**EXERCISE GOAL**
Will you write out, word for word, every line from the one with "These scans show" to the final line of the data below, with the pictures left out?

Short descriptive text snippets
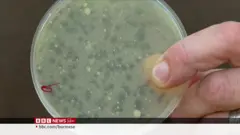 တိရစ္ဆာန်တွေရဲ့ ဗိုင်းရပ်စ်ကို ကြည့်ပြီး လူတွေရဲ့ ကူးစက်ရောဂါ ကုသဖို့ ကြိုးပမ်း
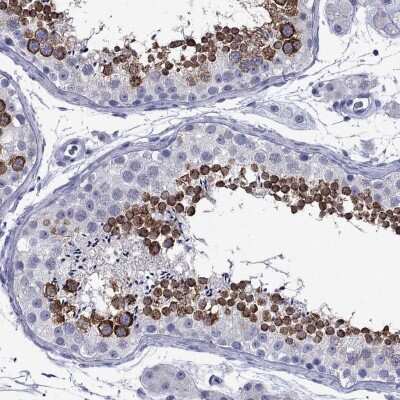 Immunohistochemistry-Paraffin: PIWIL1/HIWI Antibody [NBP3-17007]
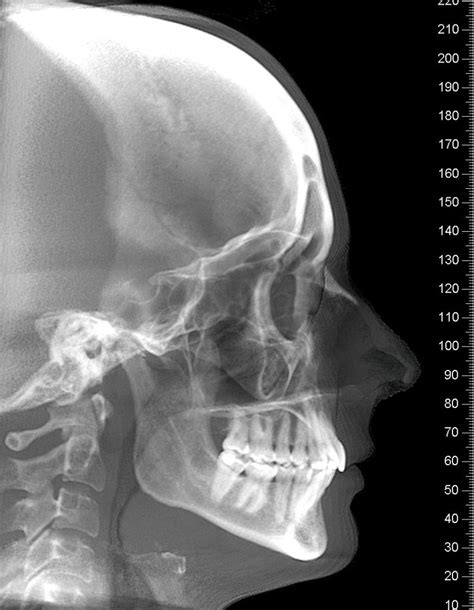 Orthodontist x-ray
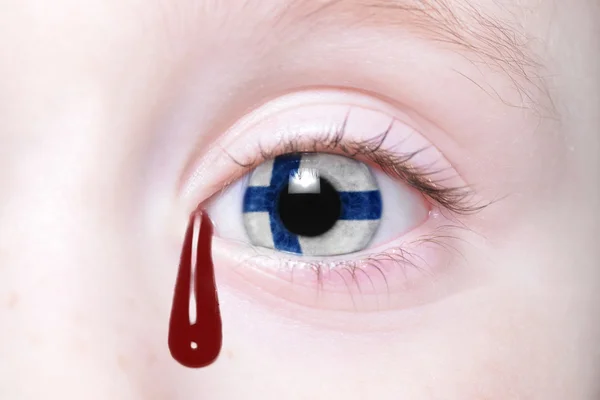 Ojo humano con bandera nacional de Finlandia con lágrimas sangrientas . — Foto de Stock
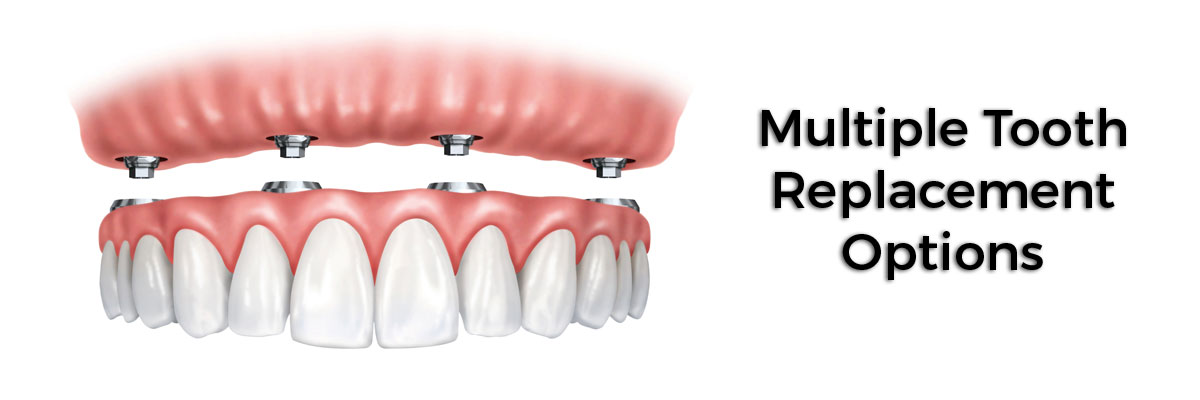 Chesterfield Multiple Teeth Replacement Options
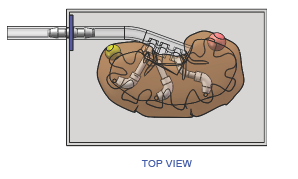 FIGURE2-LIVER-TOP-VIEW.png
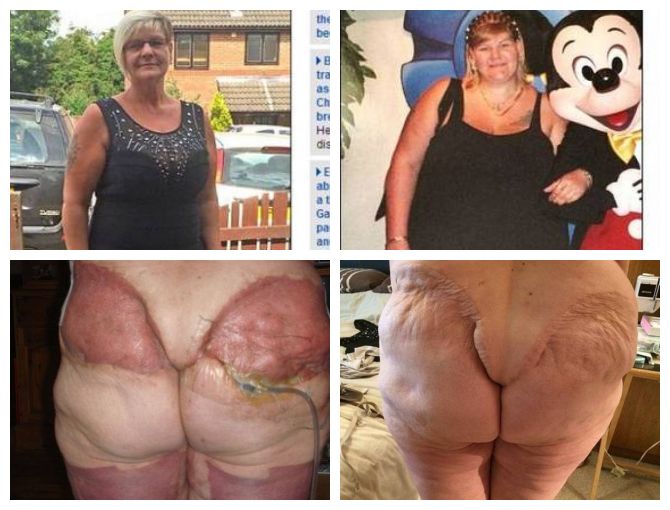 Após perder 70 kg, mulher passa por cirurgia para retirar excesso de pele e fica deformada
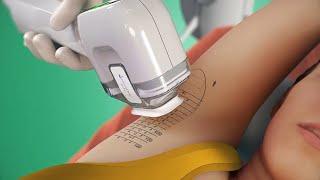 How to treat underarm sweating with miraDry 3D animation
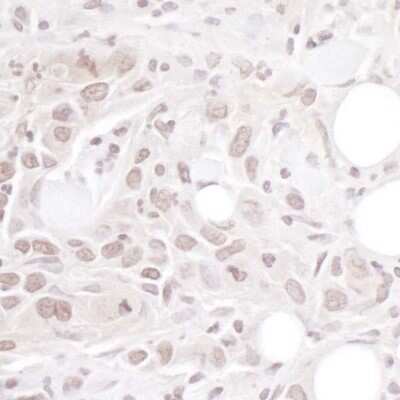 Immunohistochemistry: Geminin Antibody [NB100-40826]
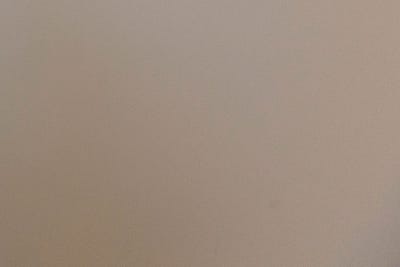 부산혈관초음파 하지정맥류 치료의 시작입니다 사진 19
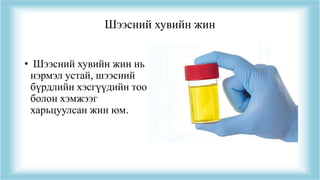 Шээсний хувийн жин
• Шээсний хувийн жин нь
нэрмэл устай, шээсний
бүрдлийн хэсгүүдийн тоо
болон хэмжээг
харьцуулсан жин юм.
 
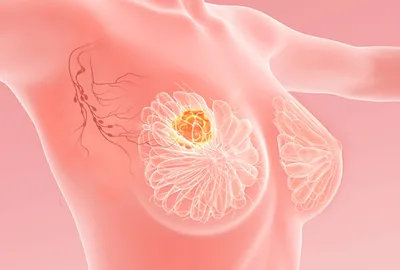 Хирургия лимфатических узлов при раке молочной железы (диссекция) |  Институт груди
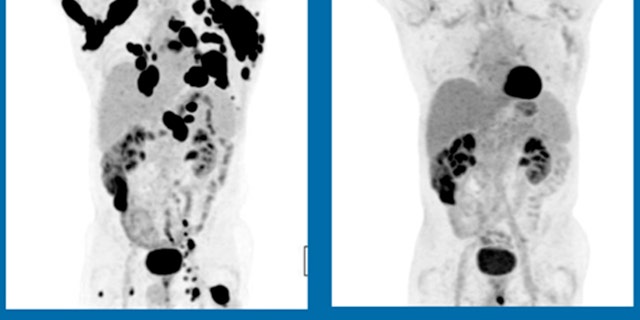 These scans show a 62-year-old man with non-Hodgkin lymphoma, at left in Dec. 2015, and three months after treatment with Kite Pharma's experimental gene therapy.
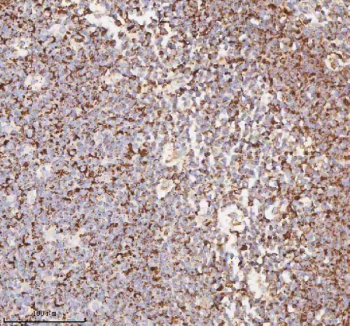 IHC staining of FFPE human tonsil tissue with IRS4 antibody. HIER: boil tissue sections in pH8 EDTA for 20 min and allow to cool before testing.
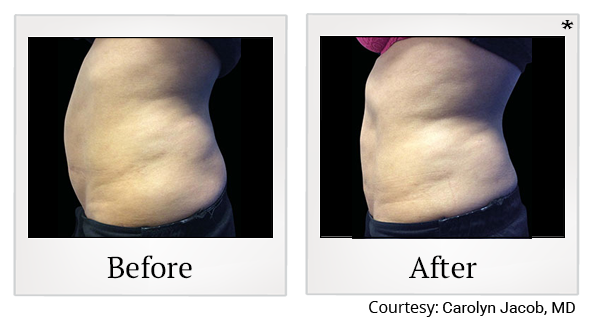Before and After Photo 6 of Emsculpt® treatment at SF Bay Cosmetic Surgery Medical Group in San Ramon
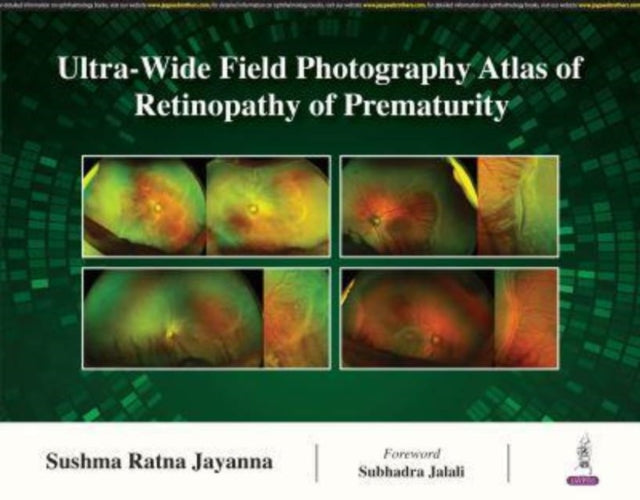 UltraWide Field Photography Atlas of Retinopathy of Prematurity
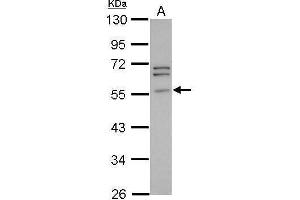 WB Image Sample (30 ug of whole cell lysate) A: PC-3 10% SDS PAGE antibody diluted at 1:1000 (Peripherin anticorps)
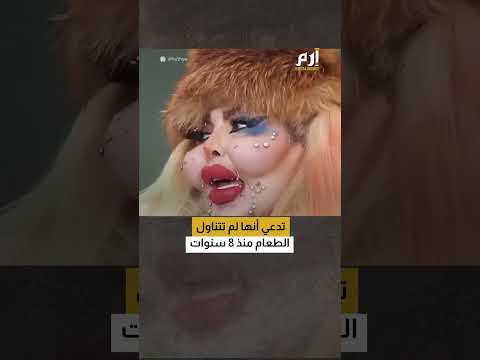 قصة بلوغر لا تُصدق.. 388 عملية تجميل و8 سنوات بلا طعام 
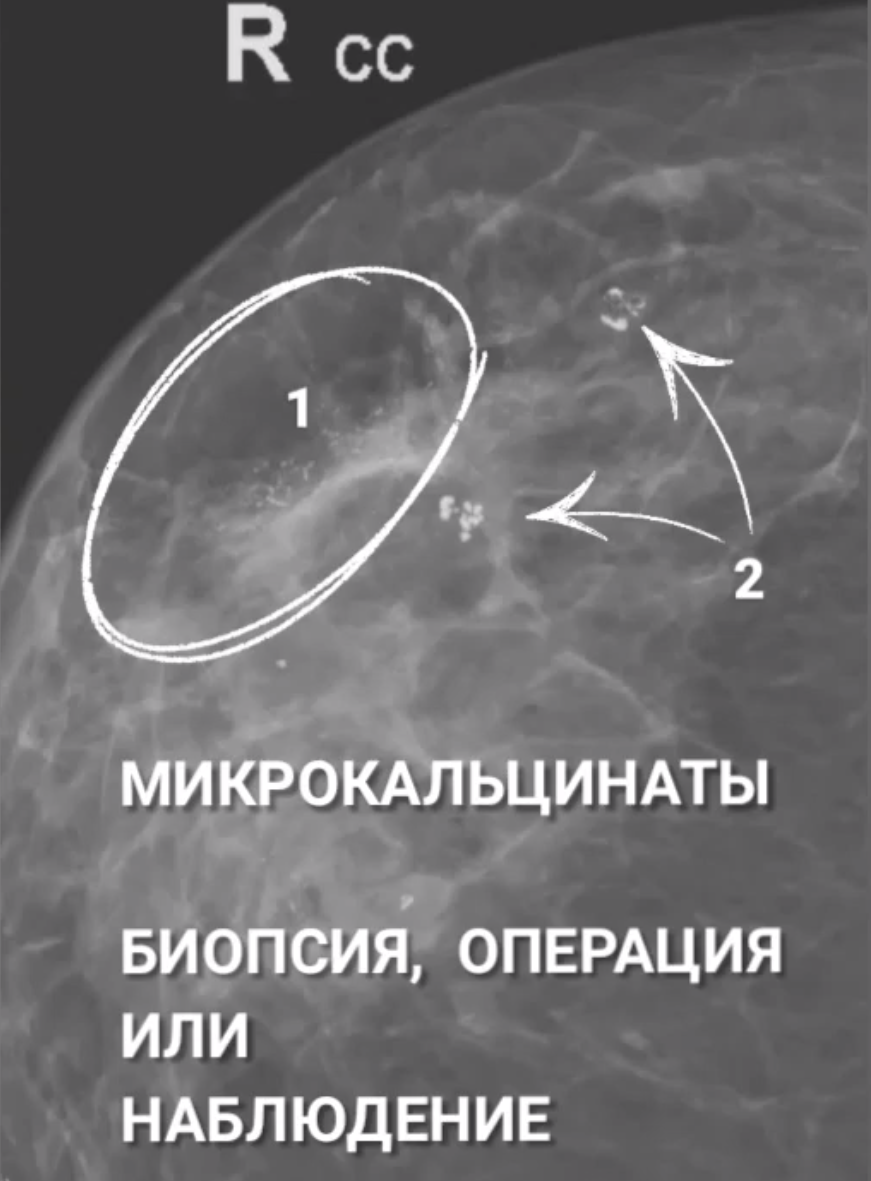 Микрокальцинаты молочной железы | Маммология и хирургия РНЦРР | Дзен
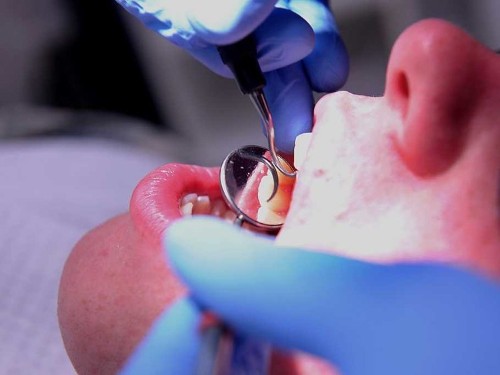 New Technology Could Take The Drill Out Of The Dentist’s Office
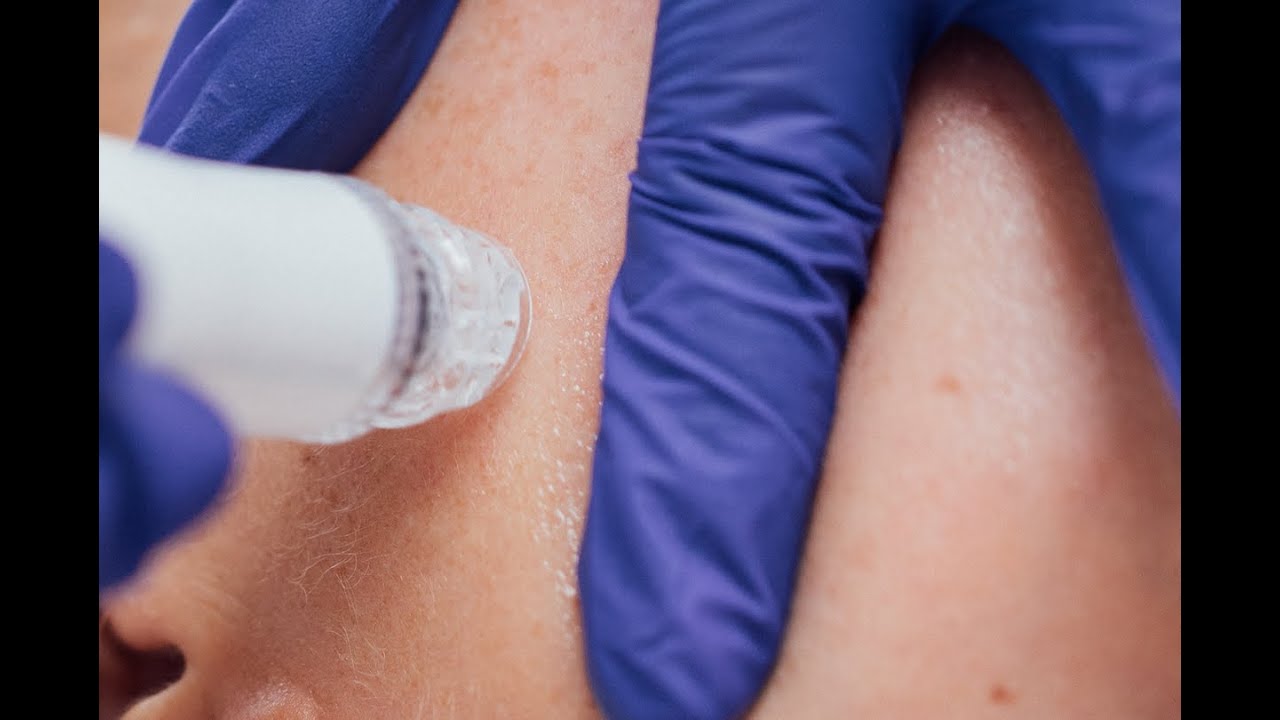 ONA Hydrodermabrasie
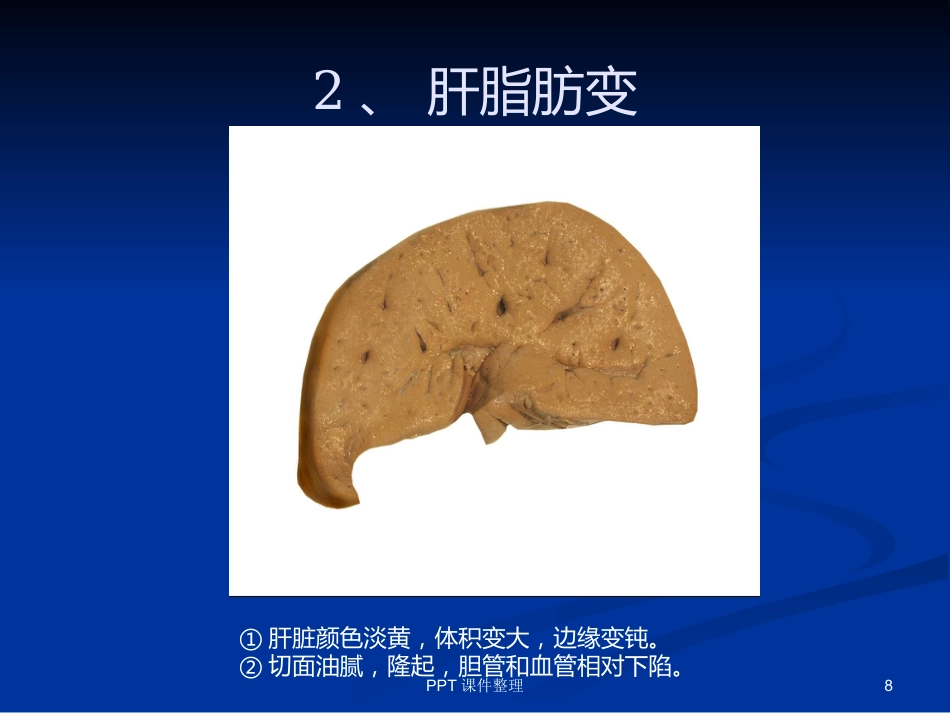 病理学图谱 实验一、细胞组织的适应、损伤与损伤修复_第8页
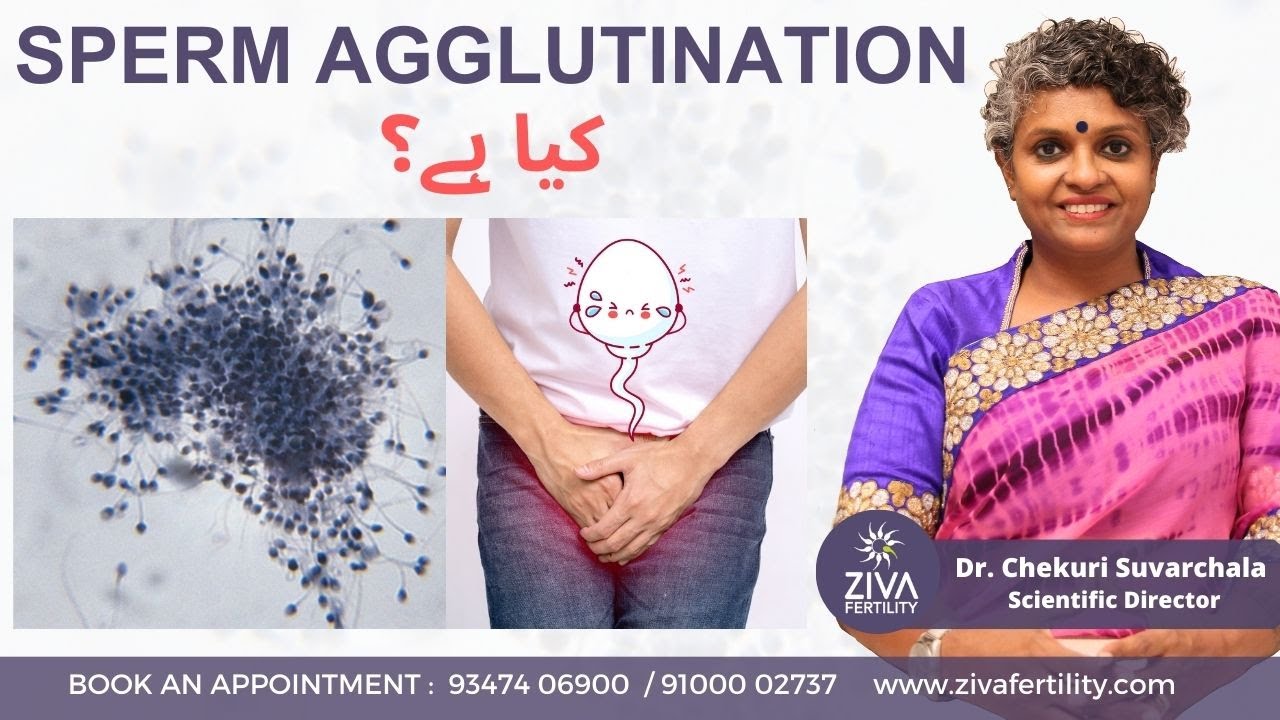 Sperm Agglutination | Dr C Suvarchala | Ziva Fertility Sperm Agglutination کیا ہے؟
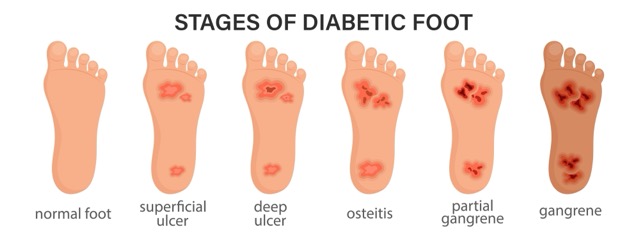 Diabetic-Foot-Ulcers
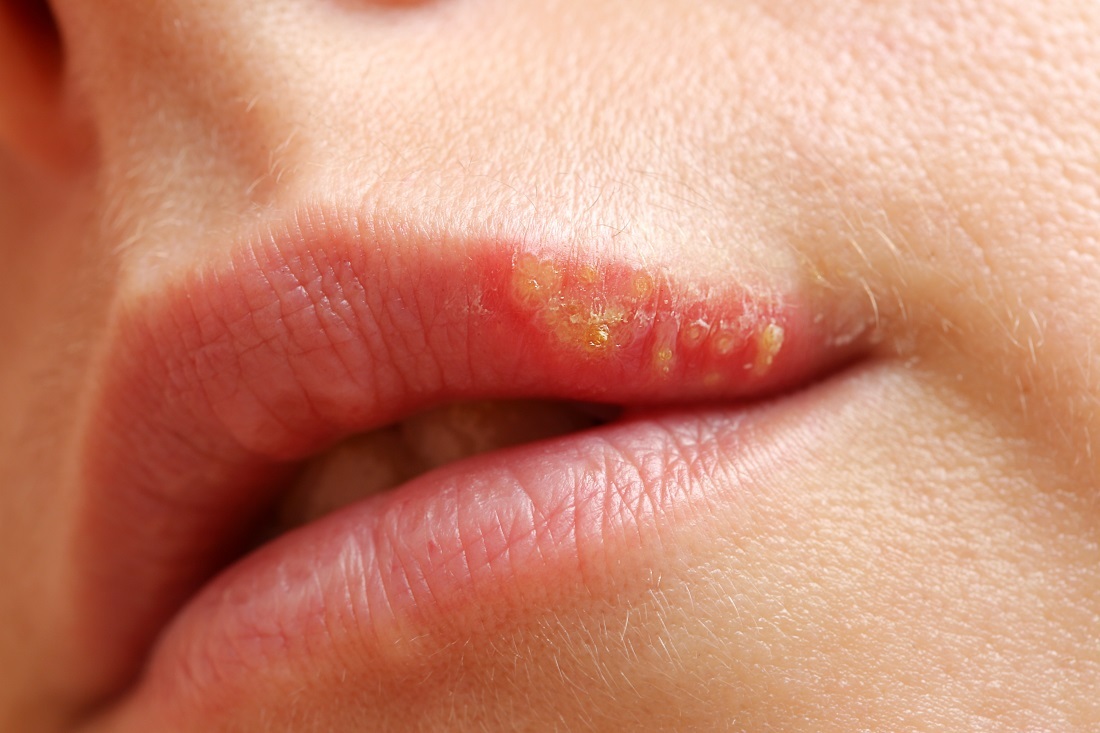 Resultado de imagem para Gel criado na USP promete acabar com feridas de herpes na boca em um dia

**RESPONSE TO THIS TASK**
 These scans show a 62-year-old man with non-Hodgkin lymphoma, at left in Dec. 2015, and three months after treatment with Kite Pharma's experimental gene therapy.
 IHC staining of FFPE human tonsil tissue with IRS4 antibody. HIER: boil tissue sections in pH8 EDTA for 20 min and allow to cool before testing.
Before and After Photo 6 of Emsculpt® treatment at SF Bay Cosmetic Surgery Medical Group in San Ramon
 UltraWide Field Photography Atlas of Retinopathy of Prematurity
 WB Image Sample (30 ug of whole cell lysate) A: PC-3 10% SDS PAGE antibody diluted at 1:1000 (Peripherin anticorps)
 قصة بلوغر لا تُصدق.. 388 عملية تجميل و8 سنوات بلا طعام 
 Микрокальцинаты молочной железы | Маммология и хирургия РНЦРР | Дзен
 New Technology Could Take The Drill Out Of The Dentist’s Office
 ONA Hydrodermabrasie
 病理学图谱 实验一、细胞组织的适应、损伤与损伤修复_第8页
 Sperm Agglutination | Dr C Suvarchala | Ziva Fertility Sperm Agglutination کیا ہے؟
 Diabetic-Foot-Ulcers
 Resultado de imagem para Gel criado na USP promete acabar com feridas de herpes na boca em um dia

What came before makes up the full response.